Another response linked me to a paper describing how this table can be stored as a set of rules that provide hyphenation points in arbitrary letter sequences rather than dictionary words. That paper is very clear about its goals; it is an advance in data compression, proposing a method of storing a lookup table that takes less space than the table does. It carefully goes over how to produce the ruleset from the table.

But somewhere along the line, people confused the data compression algorithm (of storing the lookup table as a ruleset) for the hyphenation algorithm. They will now tell you with a straight face that a single ruleset that seems to have gone around represents the hyphenation algorithm for English, even if the word you want to hyphenate wasn't in the table that that ruleset was prepared from. And this is false.

It looks to me like something similar has happened in English speakers' understanding of French sorting order. It's very easy to explain why the example quadruplet has the sorting order it does:

    cote
    côte
    coté
    côté
(Note that the Stack Exchange question from 2024 and the blog post from 2004 use exactly the same example.)

These four words have two pronunciations, and the pronunciations are grouped with each other. After that, "cote" comes first by virtue of bearing no accents, and "o" comes before "ô" for the same reason.

What's happening here is that although French generally pretends that "e" and "é" are the same letter, they aren't, which forces -e (not pronounced) to come before -é (pronounced!). "o" and "ô" actually are the same letter, and can be ordered flexibly.

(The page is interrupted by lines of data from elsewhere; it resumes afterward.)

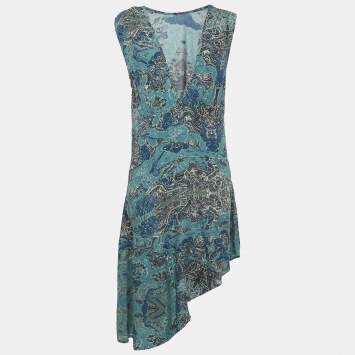 Pre Owned Zadig & Voltaire Blue Root Print Raw Edge Detail Asymmetric Dress S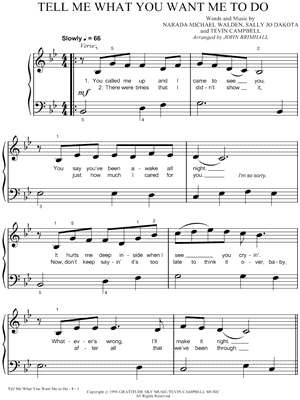 Tell Me What You Want Me To Do by Tevin Campbell - Sheet Music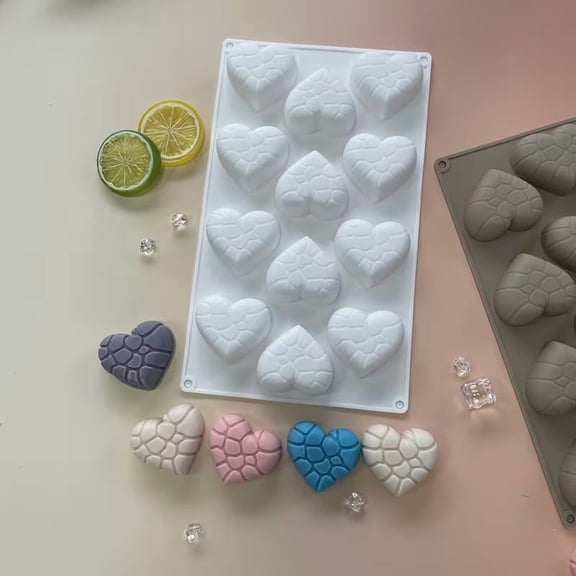 12-Cavity Heart-Shaped Silicone Mold for Candy, Cake, and Soap - Versatile Love-Shaped Baking and Crafting Tool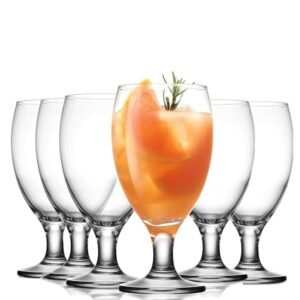 QUHUOYAO Copos de cerveja, copos para todos os fins, copos de bar de vidro transparente, copos de mistura de coquetéis, ótimos para restaurantes, bares, festas - Conjunto de 6 copos de cerveja premium (Cervejas)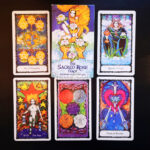 The Sacred Rose Tarot showing the cards and packaging in bright, beautiful colours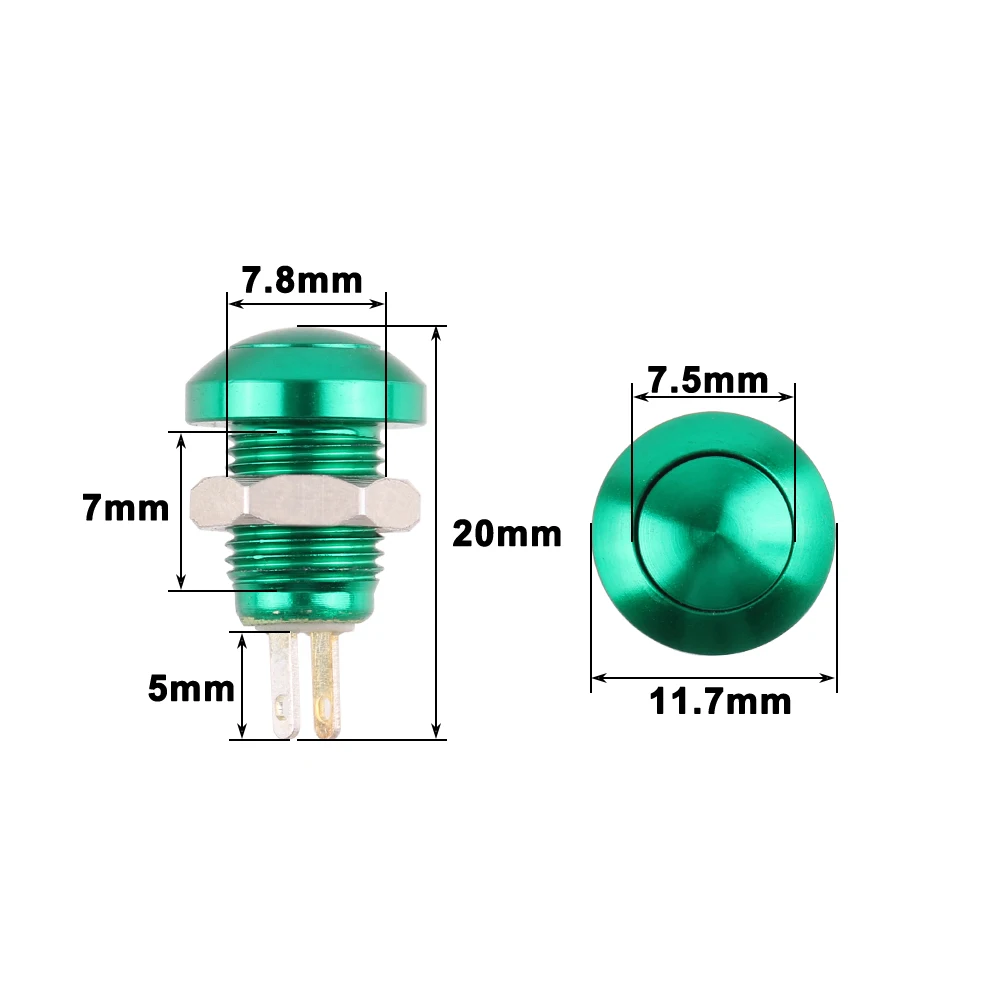 8mm Momentary Waterproof Metal Horn Doorbell Bell Push Button Switch Car Auto Engine PC Power Start Home appliance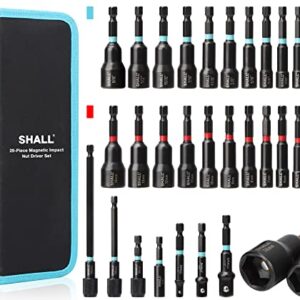 SHALL 29-teiliges magnetisches Steckschlüsselset, SAE- und metrische Cr-V-Stahl-Schraubendreher mit Schnellverschlussverlängerungen, Schlagschrauberadaptern, Bithalter und Aufbewahrungstasche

The rule "sort the accents in reverse" arises as a coincidence; it happens to be the case that this distinction is most significant at the end of French words. But French speakers would reject this ordering:

    cetot
    cétot
    cetôt
    cétôt
This doesn't come up because those words don't exist.
Well in my language "é" is absolutely not special, and should definitively be placed near "e" (to the point that uppercase é is often written E instead of É)
It depends on the language. Unicode defines rules for it: https://www.unicode.org/reports/tr10/
If I recall correctly, the default propose a first list that push items which are guessed most likely what the user expect, then a list more complete, and in any case let you filter by typing. I think it also can change the way it behave if you are connected and tweaked your preferences in the matter for your account.
Wikipedia uses UCA sort order in categories (depending on which lang wikipedia you are reading). Most other lists just sort using unicode codepoint order (in NFC). So it depends, but yes, for generated lists other than categories ascii characters usually come first.
That’s English hegemony. Languages have their own sorting that they expect. You can’t impose rules to other languages.

Of course at some point Unicode needs to be ordered, but you don’t get to impose technical details to people around the world because it matches with how English does it.

That’s where geo-ip guessing becomes relevant. Show a list with the most likely languages at the top.

Or use the Accept-Language. Since we already know the User understands that one, it's probably a reasonable choice for which sort order they expect too.
That’s not English sort order either.
Sorting by character codes, yes.

But in the language native locale, no.

I guess the default (when no language is specified) is Unicode order:

U+005A LATIN CAPITAL LETTER Z

U+010C LATIN CAPITAL LETTER C WITH CARON

U+0395 GREEK CAPITAL LETTER EPSILON

When serving that many languages, a search bar is paramount.